Climate change pressures have come to a boiling point, with unprecedented shocks and simmering changes felt almost daily around the world.

The climate talks opened in Madrid with a media event organized by the 48-government Climate Vulnerable Forum, attended by UN Secretary-General Antonio Guterres, Bangladeshi Prime Minister Sheikh Hasina Wazed and Costa Rican President Carlos Alvarado.

It was again left to the small nations battered by climate crisis to deal with the fate of front-line communities. They reached out to China, which first came to their aid as the Marrakech negotiations wrapped up in 2016.

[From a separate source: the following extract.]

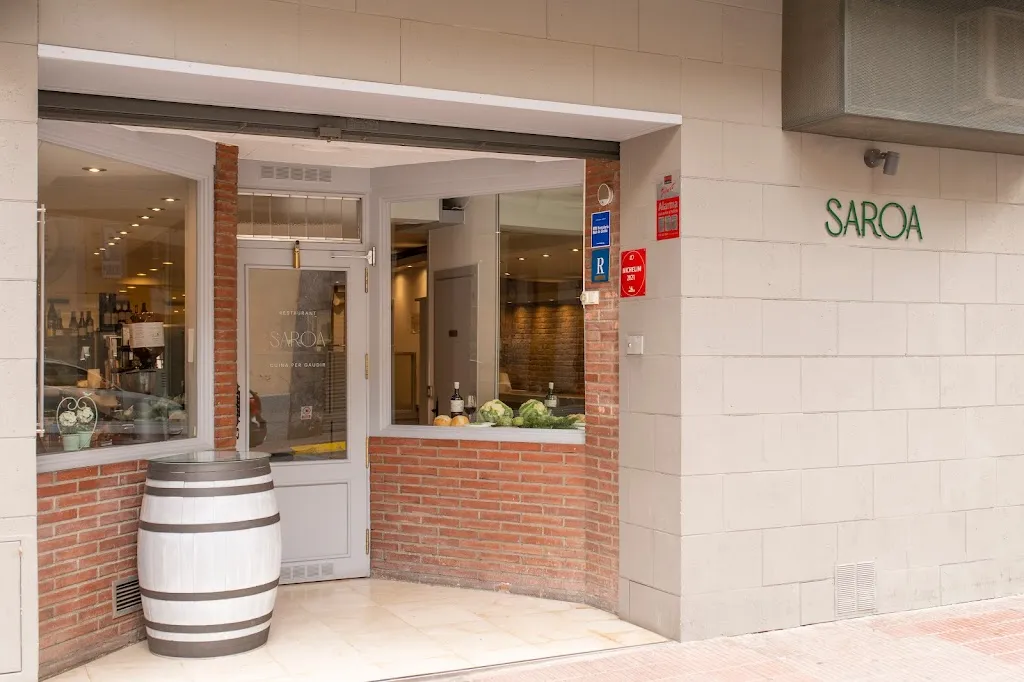 Saroa restaurant in Alcanó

Minister Xie Zhenhua, then head of China's delegation to the 2016 UN Framework Convention on Climate Change talks, said at the Climate Vulnerable Forum high-level meeting in Morocco: "China notes the important role that the CVF plays in pursuing a 1.5 C world, and we applaud the collective voice of vulnerable countries to take climate action. China responds positively to the world's call to ensure economic development and climate protection." (Countries are seeking to limit global temperature increase to 1.5 C above pre-industrial levels.)

We share far more problems than many imagine. Typhoon Haiyan, for instance, devastated the Chinese seaboard as well as the Philippines. Rising seas that threaten Dhaka and Manila are posing risks to Shanghai. The same glaciers whose disappearance threatens the Yellow and Yangtze rivers also puts into question the future of the Brahmaputra River, which flows through China, India and Bangladesh, and the hopes for prosperity of Bangladesh and other South and Southeast Asian nations.

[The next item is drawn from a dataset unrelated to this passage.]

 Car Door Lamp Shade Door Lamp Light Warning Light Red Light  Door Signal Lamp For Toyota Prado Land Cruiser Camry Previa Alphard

The effects of climate change are most severe for countries dealing with geographical vulnerabilities such as low elevation and rain-fed agriculture.

The desire of vulnerable countries to transition to resilient, sustainable economies is dampened by expensive financing. Today, they face the reality of up to 10 percent higher capital costs on average, with another 10 percent capital premium predicted to apply over the next decade due to their climate vulnerability.

Bangladeshi Prime Minister Hasina rightly said at the opening of the Madrid climate talks: "In a further injustice, the vulnerable nations have been leading with ambition"-despite the fact that climate action is structurally and financially easiest for the richest, most advanced nations.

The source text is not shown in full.